* Data:
↓

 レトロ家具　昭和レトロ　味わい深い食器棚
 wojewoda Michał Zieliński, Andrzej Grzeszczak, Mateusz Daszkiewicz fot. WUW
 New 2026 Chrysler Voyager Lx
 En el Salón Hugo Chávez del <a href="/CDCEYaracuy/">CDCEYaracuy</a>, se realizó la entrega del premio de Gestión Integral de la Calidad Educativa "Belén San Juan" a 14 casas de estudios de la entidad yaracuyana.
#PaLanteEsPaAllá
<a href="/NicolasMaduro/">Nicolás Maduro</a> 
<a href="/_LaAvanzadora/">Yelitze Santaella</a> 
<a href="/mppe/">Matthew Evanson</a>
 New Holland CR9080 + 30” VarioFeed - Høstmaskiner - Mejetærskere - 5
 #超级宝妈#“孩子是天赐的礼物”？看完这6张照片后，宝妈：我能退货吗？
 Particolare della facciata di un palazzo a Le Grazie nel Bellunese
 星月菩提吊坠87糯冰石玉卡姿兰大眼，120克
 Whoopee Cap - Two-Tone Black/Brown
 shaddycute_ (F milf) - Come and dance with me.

↑

* What the exercise asks:
Would you please return all lines of the data that include the word "href"?

* Problem solution:
 En el Salón Hugo Chávez del <a href="/CDCEYaracuy/">CDCEYaracuy</a>, se realizó la entrega del premio de Gestión Integral de la Calidad Educativa "Belén San Juan" a 14 casas de estudios de la entidad yaracuyana.
<a href="/NicolasMaduro/">Nicolás Maduro</a> 
<a href="/_LaAvanzadora/">Yelitze Santaella</a> 
<a href="/mppe/">Matthew Evanson</a>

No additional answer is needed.